UPHL-BioNGS/Cecret

Extra lines in summary file with large number of samples

Closed this issue · 5 comments

Hello again!

I'm encountering an issue where extra lines are added to the cecret_results.csv file when a large number (hundreds) of samples are run together.

Basically, I get two extra lines in my cecret_results.csv that look like:

name,name,,,p/f,,,,,,,,model,alerts,,,,,,,,,,,,,,,,,,,,,,v3.14.240610,artic 1.2.4
seq,seq,,,best,,,,,,,,seq,,,,,,,,,,,,,,,,,,,,,,,v3.14.240610,artic 1.2.4

This only seems to happen when I run large batches of samples through together. I've tracked these extra lines back to the vadr.sqa file used during the cecret summary process (see: ncbi/vadr#81)

I think one possible fix would be to edit the line below replacing grep -v "#-" with grep -v "^#"" (as Eric suggests in the vadr issue).

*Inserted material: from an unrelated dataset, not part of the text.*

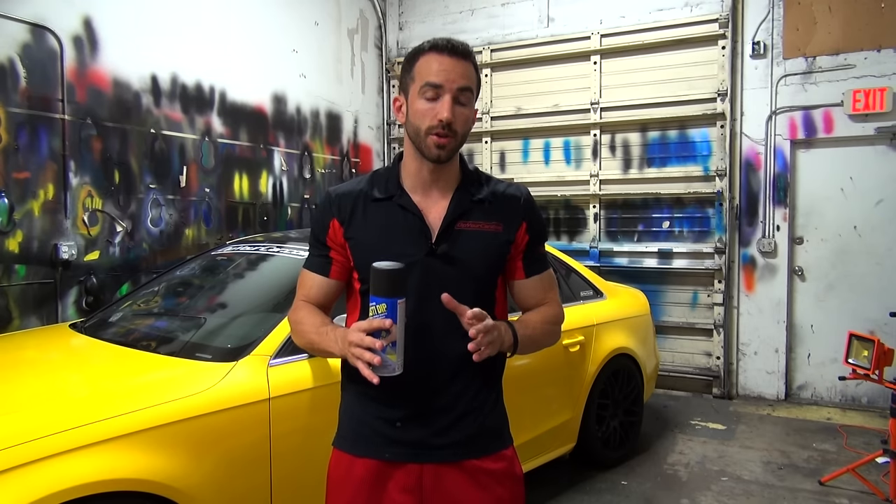It's Fonzie with DipYourCar.com. Dipping your own wheels is a very DIY-friendly project. It's easy to do, it's a great way to give your vehicle a brand new look without breaking the bank, and of course it's removable so you can peel the dip off your wheels and go back to the stock look whenever you're ready. Today I'm going to show you everything you need to get a proper wheel dip job done and walk you through the process step by step from A to Z.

if [ -s "vadr.vadr.sqa" ] ; then tail -n +2 "vadr.vadr.sqa" | grep -v "#-" | tr -s '[:blank:]' ',' > vadr.csv ; fi

Let me know if you need any other info or want me to try something else on my setup, and thanks again for all your work on Cecret.

Oh SNAP!

FYI, I'm working on this today

I actually need the vadr header, but the latest set of updates that are currently going through testing should fix the issue you are seeing.

Thank you for bringing this to my attention!

This issue should be fixed now!!!

Works perfect, thanks for the update!